Lloris le explicaba a un atemorizado Granero sus proyectos realizados con el orgullo y la satisfacción de la obra creada, con una ambición casi deportiva. Valencia era una ciudad diseñada por los constructores. Había más, mucho más, le dijo Lloris a un Granero muy afectado tras comprobar el cambio radical sufrido por la ciudad desde la última vez que había puesto los pies en ella, haría cosa de veinte años o más, cuando su mujer y él fueron a un restaurante para celebrar sus bodas de plata. Pero aún quedaban los proyectos: el Parc Central, la obra en un futuro más grandiosa, que el empresario, según confesó irritadamente, dudaba que los políticos llevaran a cabo. Lloris dirigió la avioneta hacia la Estación del Norte. Desde arriba se divisaba con nitidez, mejor que en un plano, la fabulosa extensión de terrenos, en gran parte solares urbanizables; de nuevo atravesó media ciudad, hacia la zona noroeste; allí estaba el Parc de Capçalera, donde el río entraba a la ciudad. El Ayuntamiento había proyectado un gran parque de ocio que integraba un nuevo zoológico al estilo europeo, espacios de interés botánico y zonas de recreo infantil y juvenil.
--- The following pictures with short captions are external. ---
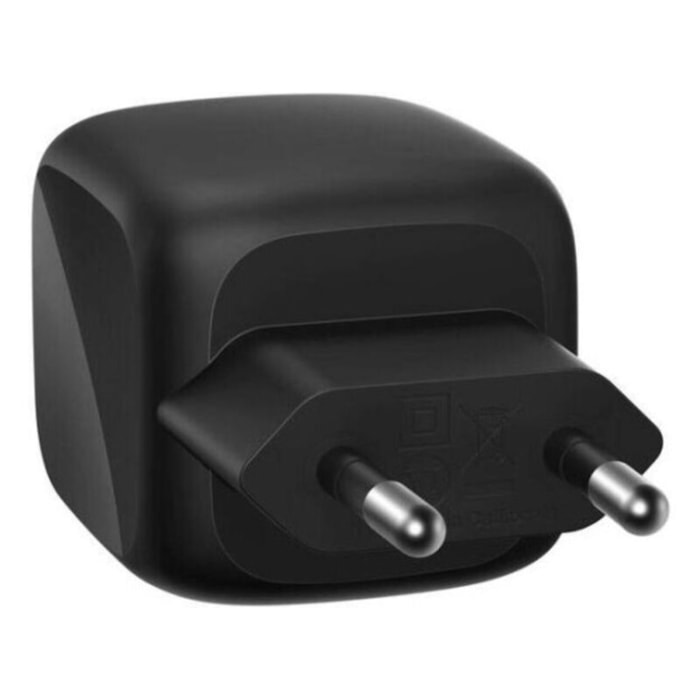Chargeur BELKIN 50W Noir GaN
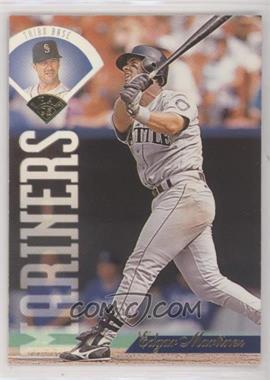 1995 Leaf - [Base] #271 - Edgar Martinez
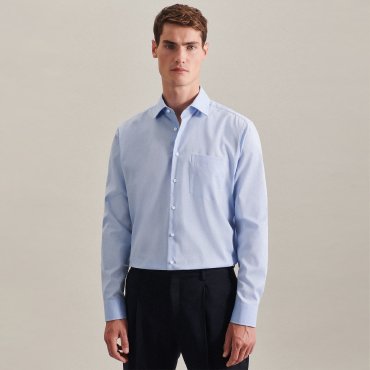 Camisa de manga larga hombre 003001/001001 Camisa de manga larga hombre 003001/001001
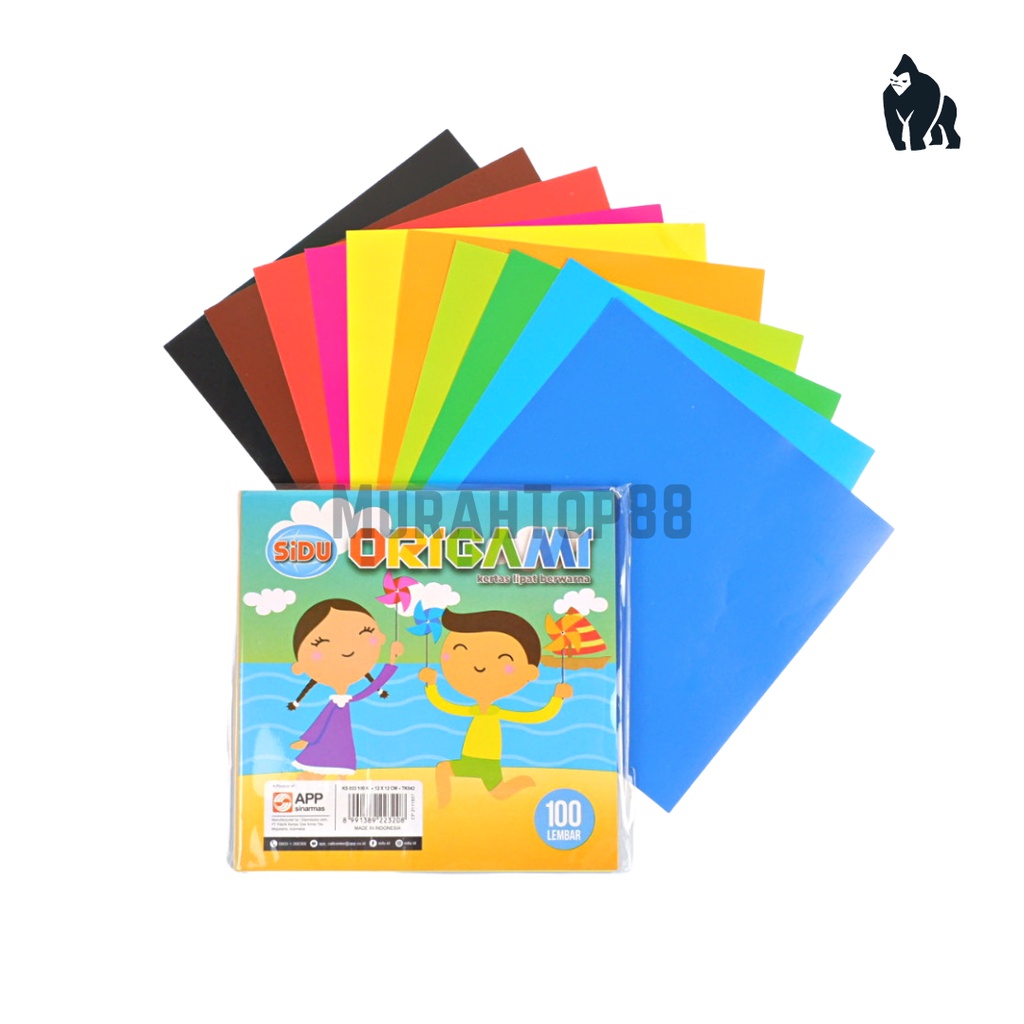Orgami Kecil 12x12
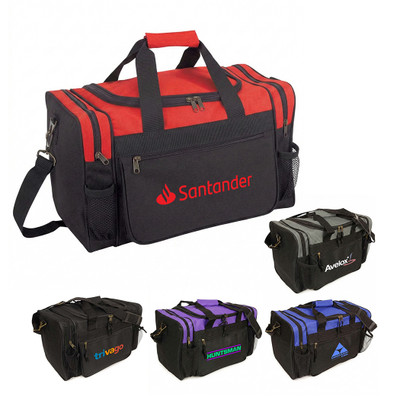 B-5948 - Madison 17" Sports Duffel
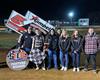 Timms Tops St. Francois County 410 Action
El tío Granero no encontraba ninguna ventaja en eso de vivir al lado de un zoo, pero Lloris le aclaró que los alrededores formaban parte de lo que administrativamente se conocía como «reserva de suelo urbanizable», es decir, la zona situada al otro lado del zoo, cuyos terrenos serían revalorizados por el parque y aprovechados por la constructora agraciada. De hecho, el Parc de Capçalera era una de las pocas grandes extensiones urbanizables que quedaban en el núcleo estricto de la ciudad, si no la única.

Se desvió a la izquierda para entrar en término municipal de Paterna. Le señaló una extensión de cerca de siete millones de metros cuadrados, con la que el consistorio no sabía qué hacer. Él sí: buenos chalets y adosados para todos los que, pudiéndoselo permitir, aún no habían abandonado la ciudad por falta de buenas ofertas. Y el Cabanyal, quedaba la reconstrucción de aquel barrio. Aunque el Ayuntamiento de Valencia no permitía edificar más de cinco alturas, el barrio se revalorizaría tanto que la calidad compensaría la cantidad.

Lloris no le explicó a Granero que el Cabanyal había sido abandonado a conciencia por el Ayuntamiento hasta quedar en un estado de degradación tal que se hacía necesaria la intervención proyectada con el pretexto de una salida al mar. No le explicó que el Cabanyal había sido declarado, a propuesta de la Generalitat, entonces con Govern socialista, «bien de interés cultural» en 1993; que la prolongación al mar que se pretendía partía el barrio en dos y que, sobre todo, había otros posibles accesos al mar. Pero esas consideraciones eran minucias sentimentales en una ciudad que, durante el franquismo, había demolido el Palau de Ripalda y las construcciones contiguas de la antigua Feria de Muestras para levantar edificios horrorosos, uno de ellos conocido como La Pagoda, justo al lado de donde vivía el actual President de la Generalitat; hizo la segunda prolongación de la Avenida Blasco Ibáñez arrasando un montón de casas de arquitectura tradicional valenciana; convirtió la céntrica calle de Colón, repleta de edificios de finales del siglo XIX y principios del XX, en una calle de edificios banales; y no le importó permitir un edificio con fachada de cristal en el mismo centro neurálgico de la ciudad, en la Plaza del Ayuntamiento, donde hay también edificios racionalistas con influencias art-d é co.